Of course this question could be easily generalized, but I wanted to ask this example first
On
I do not think it is self-adjoint in general. If you define the operator $\mathcal{O}$ by $\mathcal{O}f(x) = \dfrac{f(x)}{1-x^2}$, then $G = T\mathcal{O}$. $\mathcal{O}$ is a self-adjoint operator which you can see pretty easily. It is a general result that if $A,B$ are self-adjoint, $AB$ is self-adjoint if and only if $A$ and $B$ commute. Hence $G = T\mathcal{O}$ is self-adjoint if and only if $T$ and $\mathcal{O}$ commute. Without knowing what $T$ is exactly, there's no way to guarantee that $G$ is self-adjoint. If $T = -i\frac{d}{dx}$, then $G$ isn't necessarily self-adjoint but if $Tf(x) = t(x)f(x)$ for some function $t$, then $G$ is self-adjoint.

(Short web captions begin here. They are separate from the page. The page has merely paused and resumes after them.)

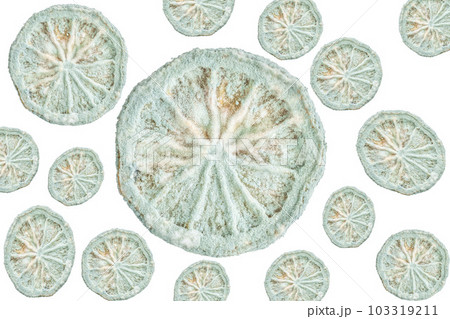 isolated moldy unspoiled section of citrus fruits on white. isolated moldy unspoiled section of citrus fruits on white. 103319211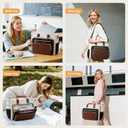 LOVEVOOK Insulated Lunch Bag, Large Capacity Tote with Lunch Compartment, Laptop Bag with Cup Holder, Work Bags for Women, Nurse Lunch Tote for Office, School, Picnic, 15.6 Inch Black-Beige-Brown
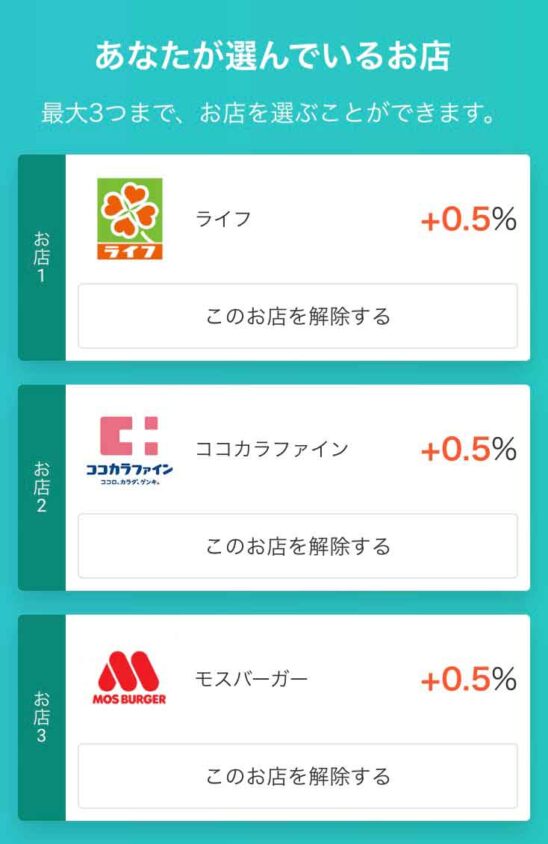 三井住友カード3店舗＋0.5%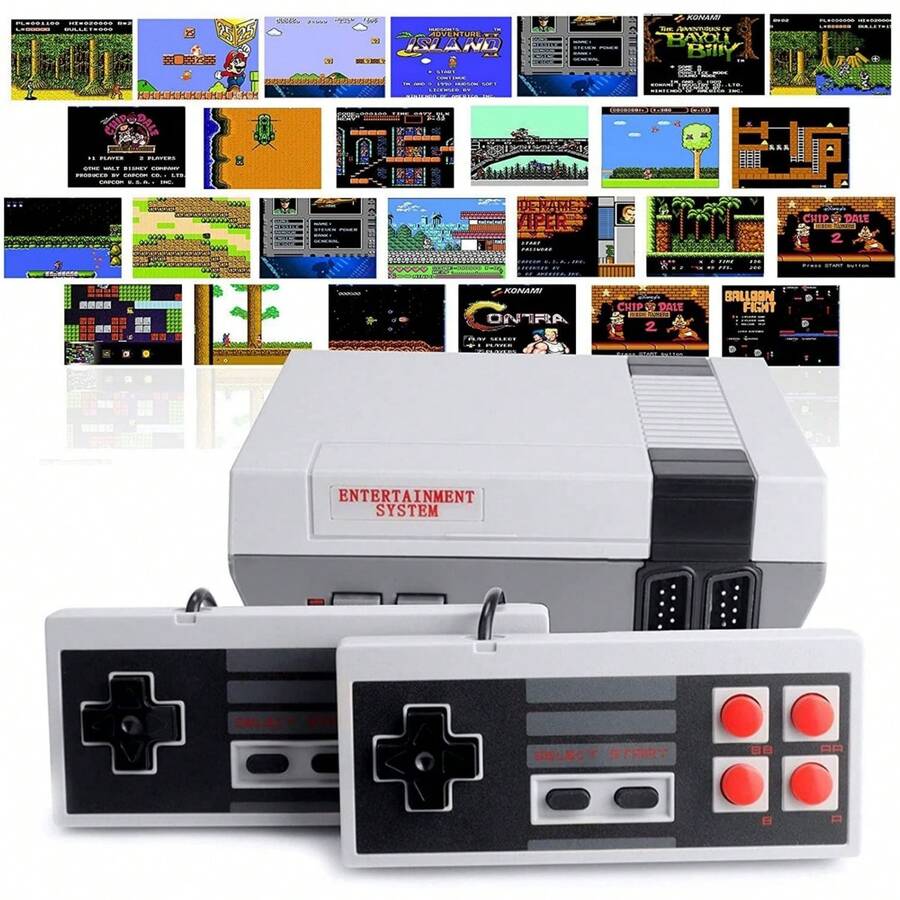 Consola de juegos retro clásica con 2 controladores clásicos, salida AV, 620 juegos integrados - Blanco y Negro - Ver 1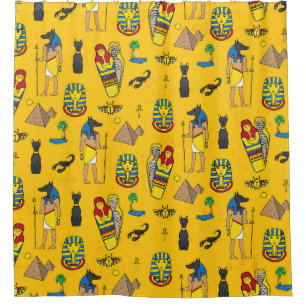 Egyptian elements, Anubis, pyramids pattern. Shower Curtain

Essentially, you need to check that $\forall f,g\in dom(G)\cap dom(T)$ you have $$(f,T[g]/\phi) = (f,T[g/\phi]),$$ where $(\cdot,\cdot)$ is a scalar product in $L^2$ and $\phi$ is the function $\frac{1}{1-x^2}$.
I don't quite see how it could be possible for generic $T$.